-- WORK TO COMPLETE --
Below this line are records; write out exactly the lines from the one containing "Volkswagen Arteon 2.0" through the one containing "EFB RJ45 Netzwerkkabel S/FTP Cat6A 20m", with the pictures left out.

-- EXERCISE INPUT --
-=-=-

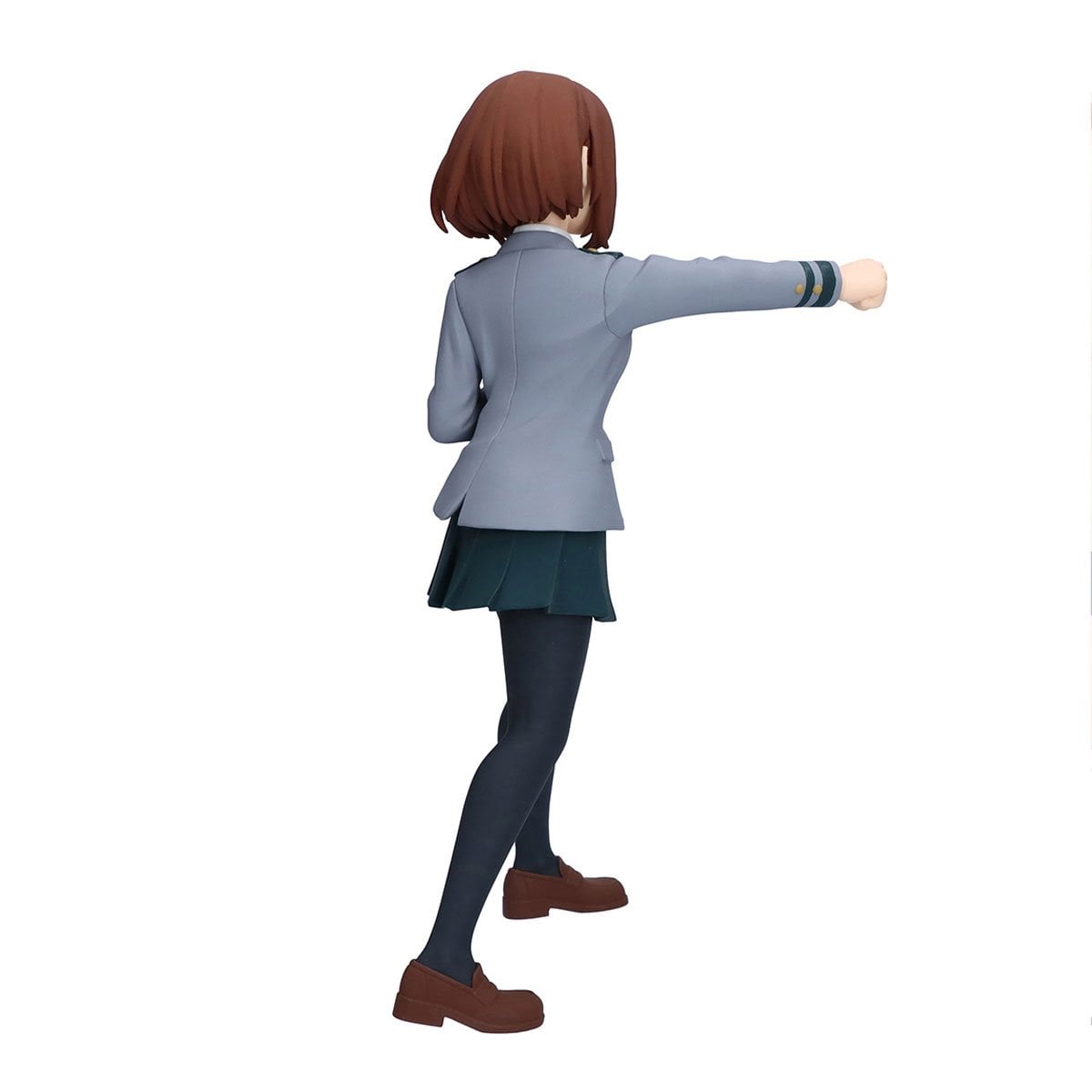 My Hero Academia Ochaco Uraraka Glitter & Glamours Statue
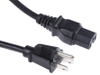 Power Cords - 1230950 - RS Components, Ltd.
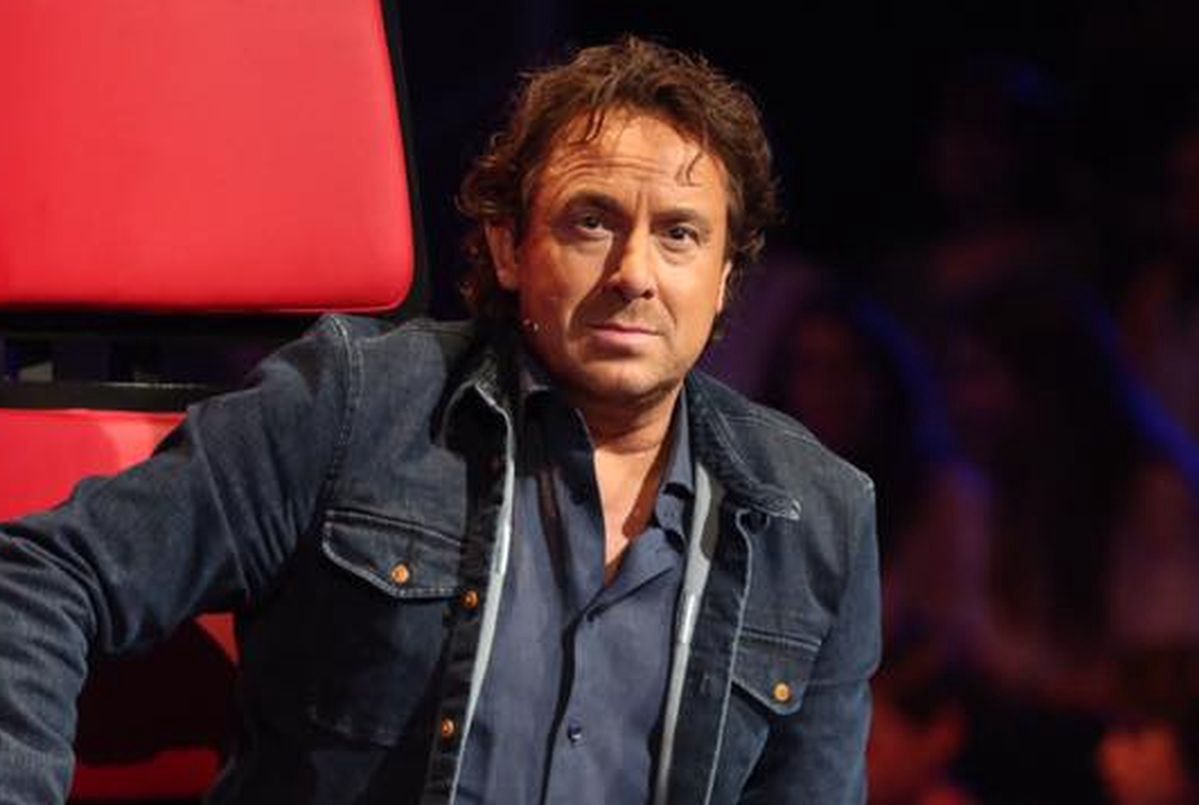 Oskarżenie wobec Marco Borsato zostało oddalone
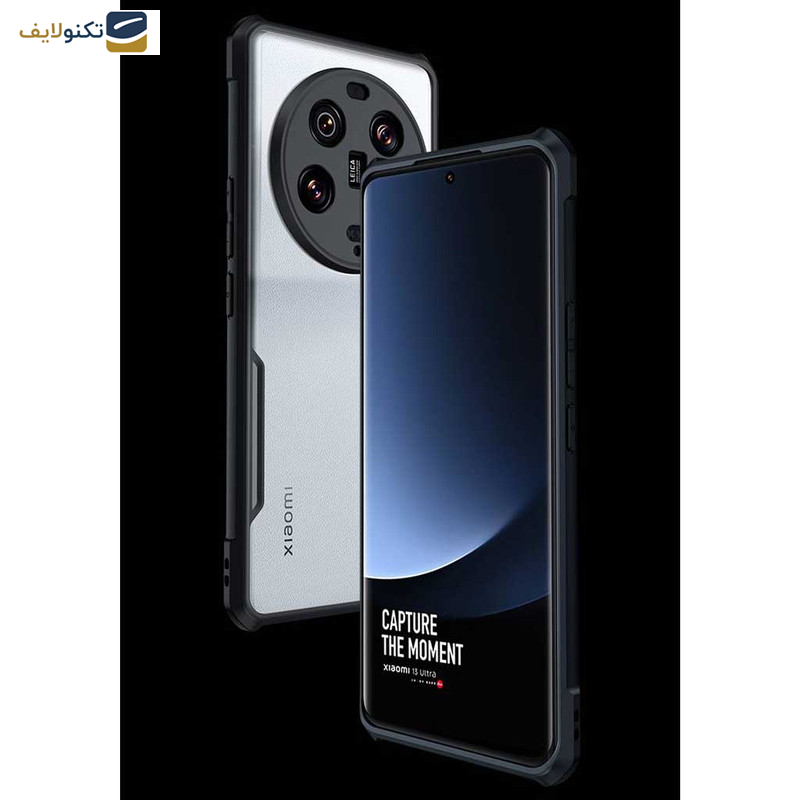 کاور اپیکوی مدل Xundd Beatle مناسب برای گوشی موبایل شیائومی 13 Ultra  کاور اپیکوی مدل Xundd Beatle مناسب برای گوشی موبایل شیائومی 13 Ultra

-=-=-

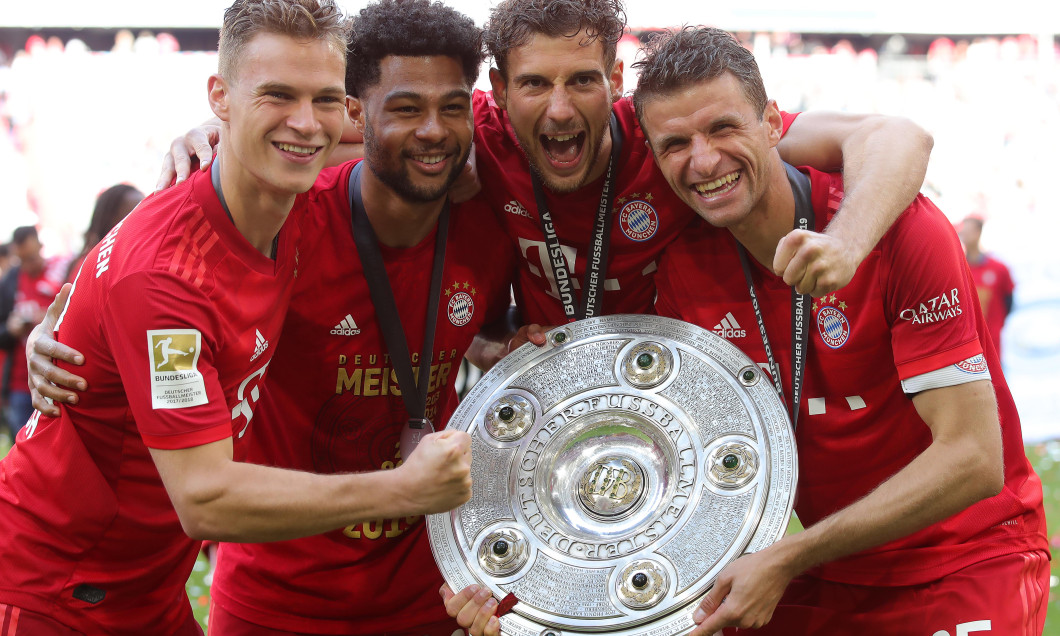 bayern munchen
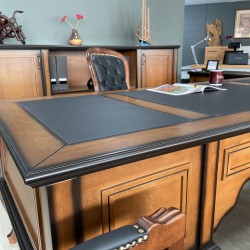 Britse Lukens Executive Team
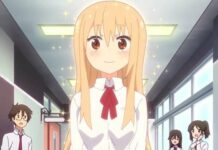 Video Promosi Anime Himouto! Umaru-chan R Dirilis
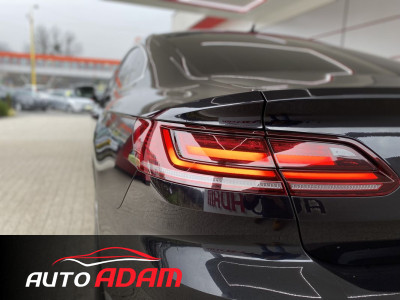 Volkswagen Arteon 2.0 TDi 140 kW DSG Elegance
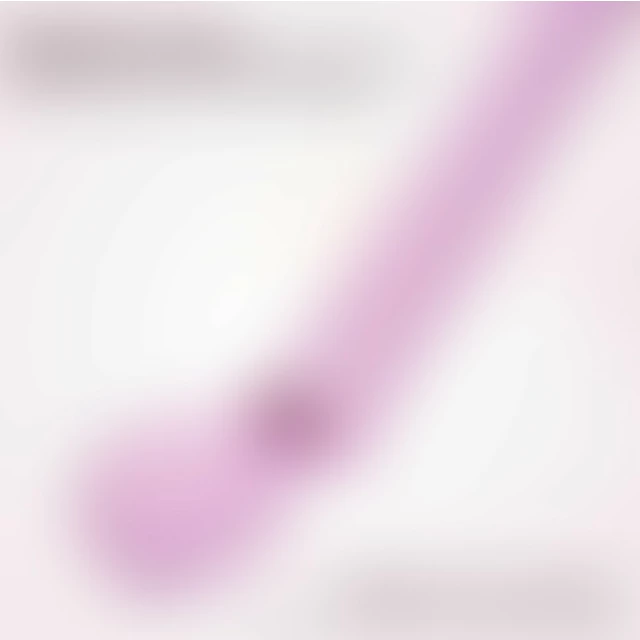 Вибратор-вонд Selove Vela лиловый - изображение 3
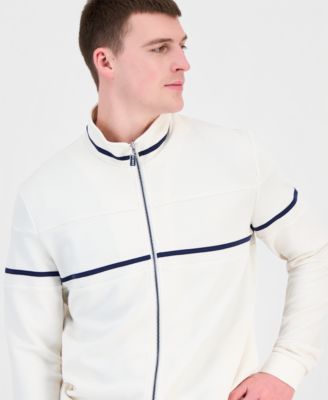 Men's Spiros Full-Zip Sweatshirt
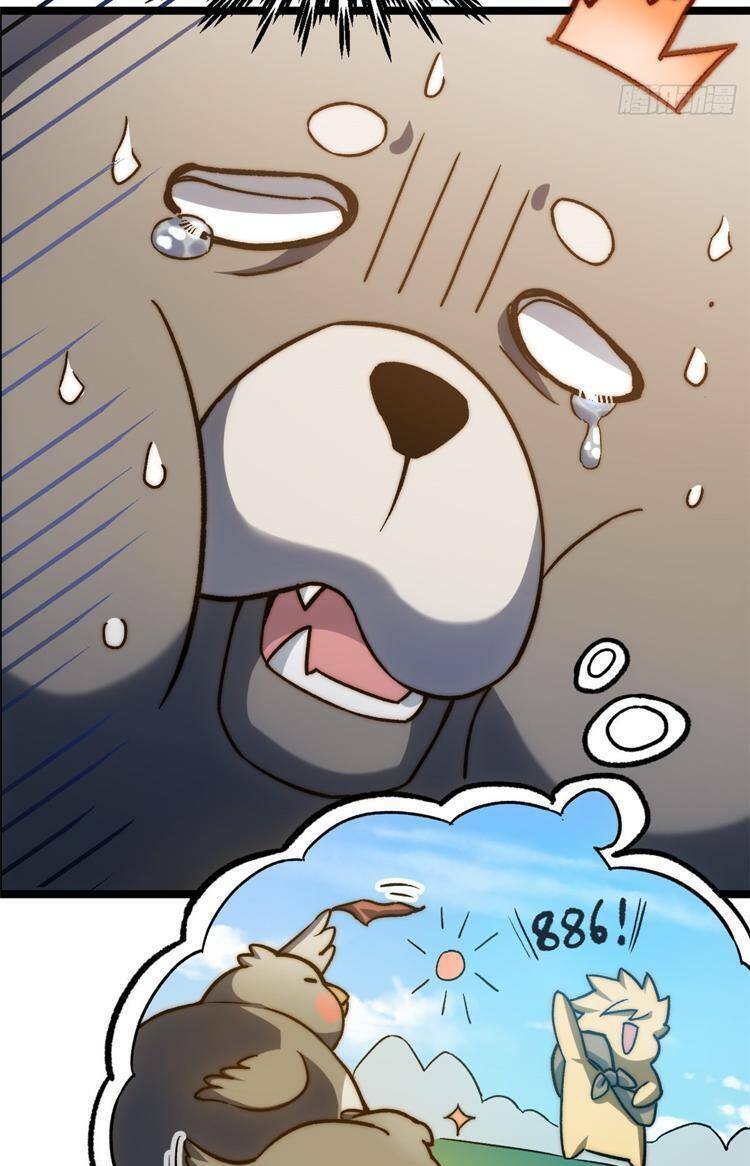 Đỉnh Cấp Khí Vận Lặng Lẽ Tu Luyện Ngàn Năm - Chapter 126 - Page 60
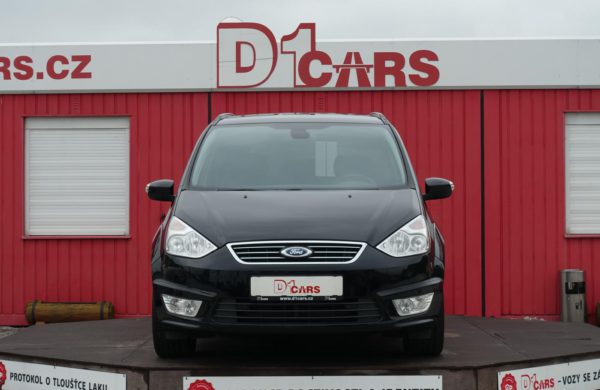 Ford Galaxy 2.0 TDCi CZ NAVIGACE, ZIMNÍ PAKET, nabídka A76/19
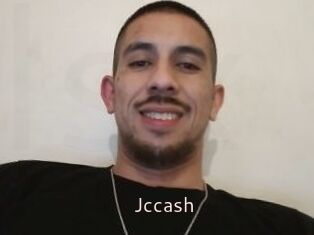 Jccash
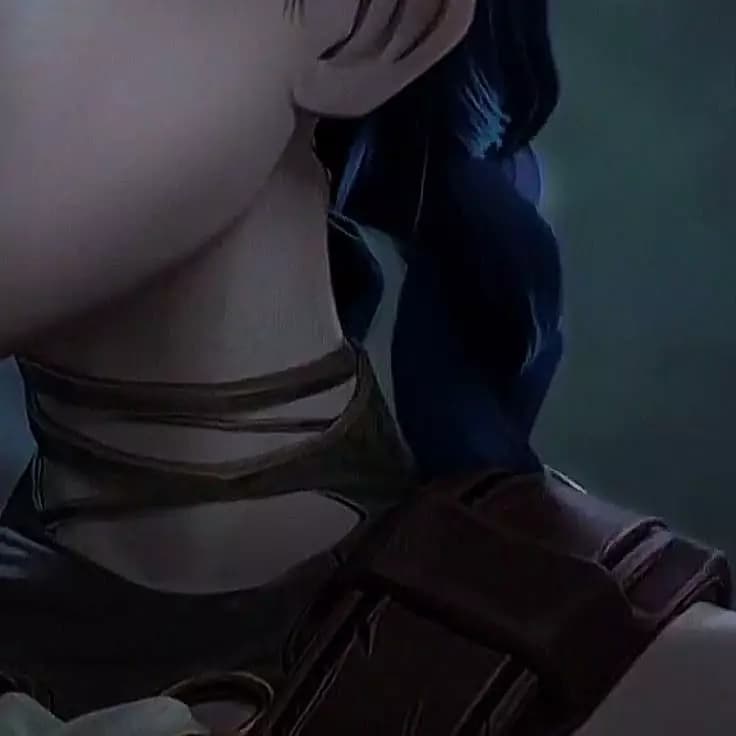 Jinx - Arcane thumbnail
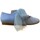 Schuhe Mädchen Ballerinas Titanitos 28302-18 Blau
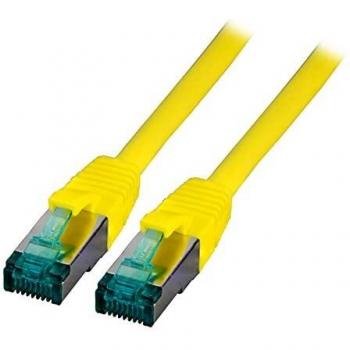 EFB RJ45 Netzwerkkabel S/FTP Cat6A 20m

-=-=-

-- TASK RESPONSE --
 Volkswagen Arteon 2.0 TDi 140 kW DSG Elegance
 Вибратор-вонд Selove Vela лиловый - изображение 3
 Men's Spiros Full-Zip Sweatshirt
 Đỉnh Cấp Khí Vận Lặng Lẽ Tu Luyện Ngàn Năm - Chapter 126 - Page 60
 Ford Galaxy 2.0 TDCi CZ NAVIGACE, ZIMNÍ PAKET, nabídka A76/19
 Jccash
 Jinx - Arcane thumbnail
 Schuhe Mädchen Ballerinas Titanitos 28302-18 Blau
 EFB RJ45 Netzwerkkabel S/FTP Cat6A 20m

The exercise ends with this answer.